WASHINGTON — The European Food Safety Authority Friday said it has concluded that meat and milk from healthy cloned cattle and pigs is “very unlikely” to pose risks to consumers, opening the door to possible European sales of those controversial foods in the future.
The highly anticipated draft scientific opinion of the European agency comes just days before the U.S. Food and Drug Administration is due to release its final report on the same topic, which is expected to come to virtually the same conclusion. Some backers of the fledgling agricultural cloning industry have said they hoped that a positive report from Europe might ease the process of gaining acceptance by American consumers.
It remains unclear, however, whether the European Union will ultimately approve the sale of cloned products, and if so under what conditions.
Unlike the case in the United States, such decisions in Europe are required by law to incorporate social and ethical considerations. And the European public broadly supports the so-called precautionary principle, which calls for society to err on the side of caution when risks are uncertain.
Moreover, the European agency, which provides scientific advice to the European Commission, notes in its report that many cloned farm animals have health problems, including life-threatening physiological abnormalities. In Europe, where animal welfare is a much higher profile issue than it is in the United States, that reality could also become a stumbling block.
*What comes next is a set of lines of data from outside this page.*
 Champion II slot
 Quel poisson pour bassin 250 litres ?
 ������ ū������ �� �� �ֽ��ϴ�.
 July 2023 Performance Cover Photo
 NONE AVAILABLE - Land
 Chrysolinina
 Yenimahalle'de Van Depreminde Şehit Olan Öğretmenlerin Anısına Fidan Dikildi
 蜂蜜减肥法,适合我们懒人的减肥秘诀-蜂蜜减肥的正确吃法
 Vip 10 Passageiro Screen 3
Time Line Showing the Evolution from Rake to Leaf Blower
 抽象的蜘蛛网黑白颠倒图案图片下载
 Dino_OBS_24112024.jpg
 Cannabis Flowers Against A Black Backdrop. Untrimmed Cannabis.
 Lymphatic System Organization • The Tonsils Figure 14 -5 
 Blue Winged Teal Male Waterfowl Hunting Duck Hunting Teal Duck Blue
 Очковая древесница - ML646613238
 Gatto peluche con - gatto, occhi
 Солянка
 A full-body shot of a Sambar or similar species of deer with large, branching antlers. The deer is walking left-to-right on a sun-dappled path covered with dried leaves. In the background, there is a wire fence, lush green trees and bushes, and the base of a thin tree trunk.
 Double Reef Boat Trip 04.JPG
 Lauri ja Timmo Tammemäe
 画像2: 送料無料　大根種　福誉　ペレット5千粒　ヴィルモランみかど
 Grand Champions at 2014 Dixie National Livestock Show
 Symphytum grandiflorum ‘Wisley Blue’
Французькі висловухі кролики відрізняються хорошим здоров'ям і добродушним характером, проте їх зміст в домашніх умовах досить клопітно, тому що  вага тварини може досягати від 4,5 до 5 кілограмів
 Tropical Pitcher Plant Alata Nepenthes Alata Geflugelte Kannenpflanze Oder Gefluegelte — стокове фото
The 47-page report concludes, however, that cloned animals with health problems would be screened out by traditional food inspection methods. And echoing earlier assertions by the FDA, it finds that milk and meat from healthy clones are as nutritious and safe to eat as milk and meat from ordinary animals.
“Based on current knowledge there is no expectation that clones or their progeny would introduce any new food safety risks compared with conventionally bred animals,” the report says.
It also finds that clones have no unique health problems, only a higher rate of problems seen in conventional animals. That offers hope that with technical advances those issues will gradually disappear, the report says.